### INSTRUCTIONS TO FOLLOW
An exact copy of the data is required, with no pictures in it.

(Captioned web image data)
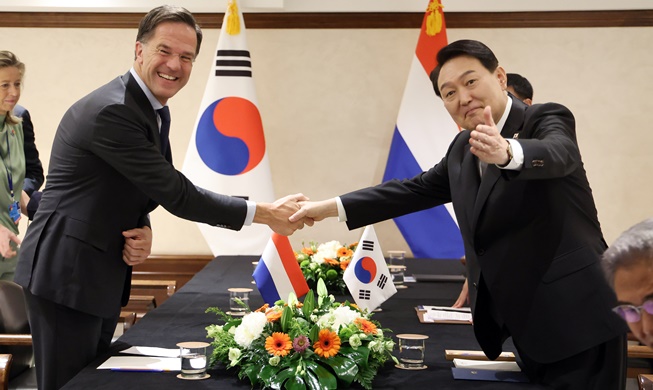 Tổng thống Yoon Suk Yeol: Chất bán dẫn là nòng cốt trong quan hệ hợp tác Hàn Quốc – Hà Lan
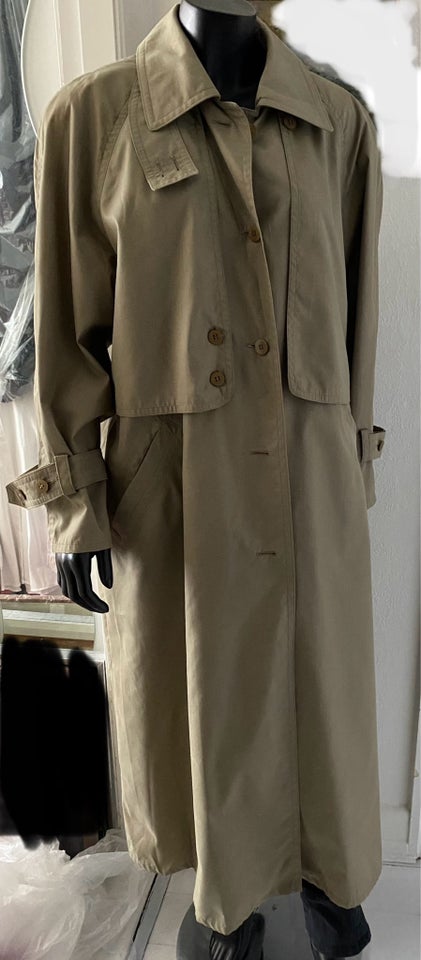 Trenchcoat, str. 34, Lodenfrey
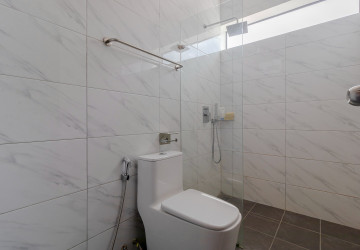 3 Bedroom Apartment For Rent - Kouk Chak, Siem Reap thumbnail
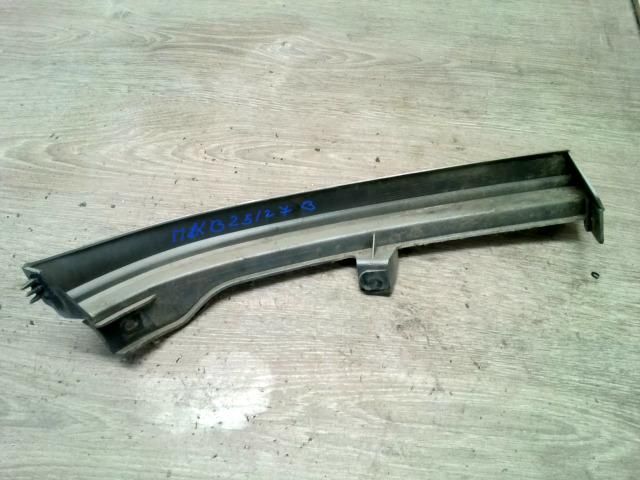 bontott OPEL ZAFIRA A Bal Fényszóró Bajusz Díszléc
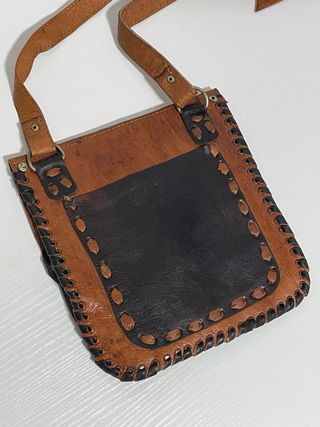 Bolso de cuero artesano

### OUTPUT OF THE TASK
 Tổng thống Yoon Suk Yeol: Chất bán dẫn là nòng cốt trong quan hệ hợp tác Hàn Quốc – Hà Lan
 Trenchcoat, str. 34, Lodenfrey
 3 Bedroom Apartment For Rent - Kouk Chak, Siem Reap thumbnail
 bontott OPEL ZAFIRA A Bal Fényszóró Bajusz Díszléc
 Bolso de cuero artesano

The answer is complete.